Free will is, in actuality, of course, a concept rooted in religious superstition and used by our justice system as an excuse for the punishments it doles out to people because they “deserve it.” Murder, rape, and all the rest. Horrible crimes by perfectly ordinary people. Deep down I think most people realize this but choose to ignore it. And why? Guilt. Guilt for the cruelty we visit upon the guilty. Because, as a practical matter, our justice system is horribly inhumane without it. Left without fault and desert-based notions of crime and punishment (what’s known as retributivist justice), we are left without punishment as a justification in itself. Without harming people for the sake of harming them, because they deserve it, we can only imprison or punish people because, as a practical matter, it’s necessary to protect society. That, my friends, would make a huge portion of our “justice” system monstrous. More to the point, it would make us monsters for tolerating it.

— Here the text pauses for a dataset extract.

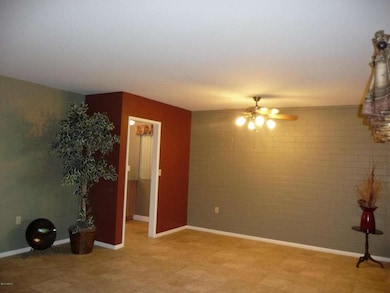 9917 W La Jolla Cir N, Sun City, AZ 85351 - photo 4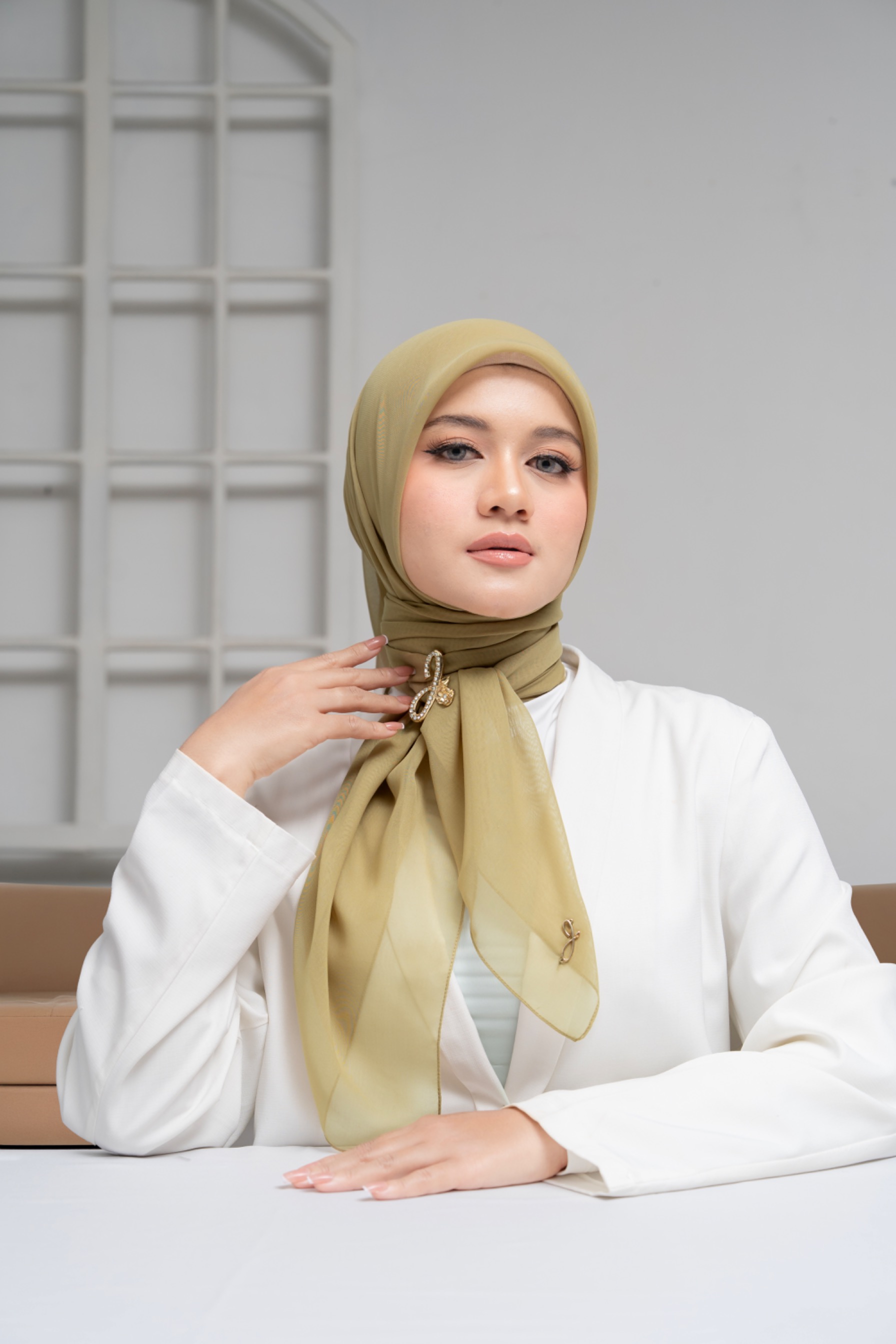 Jamila Paris Olive Moss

Don’t get me wrong. I’m not saying we should just abandon our laws because all crimes are understandable given the perpetrator’s physical makeup and life experiences, something over which, without free will, they had no control. What I’m saying is we should revisit the tenets of our retributivist justice system which focuses on revisiting the harm inflicted by the defendant back onto the defendant because we think somehow they had a meaningful choice and decided to do the evil thing and pollute their souls or whatever. Cruelty is never an appropriate response to cruelty. Cruelty is never an appropriate response to anything. Instead of focusing on the results of criminal pathology, why not focus on addressing the cause of the problem? Perhaps there is no way to treat child molesters and therefore they really do need to be locked up for life in order to protect our children, the potential harm to which easily justifies the harm visited upon the defendant by imprisonment. Fine. But shouldn’t we work to minimize the harm that nature has dealt us? Punishment for punishment’s sake makes no sense other than being a half-assed basis for our justice system. Justice is not vengeance. Or at least it shouldn’t be. In our current society, though, I have a hard time telling the difference. In the end, there is no justification for vengeance other than that it satisfies the rage in our monkey minds.


One comment

  1. “Cruelty is never an appropriate response to cruelty. Cruelty is never an appropriate response to anything. Instead of focusing on the results of criminal pathology, why not focus on addressing the cause of the problem?”

    Yes! Everyone needs to understand that. Stopping the causes is the only way to stop the effect.

    “Free will is, in actuality, of course, a concept rooted in religious superstition and used by our justice system as an excuse for the punishments it doles out to people because they “deserve it.” ”

    I believe this is the case because only the highly religious feel any need to defend free will.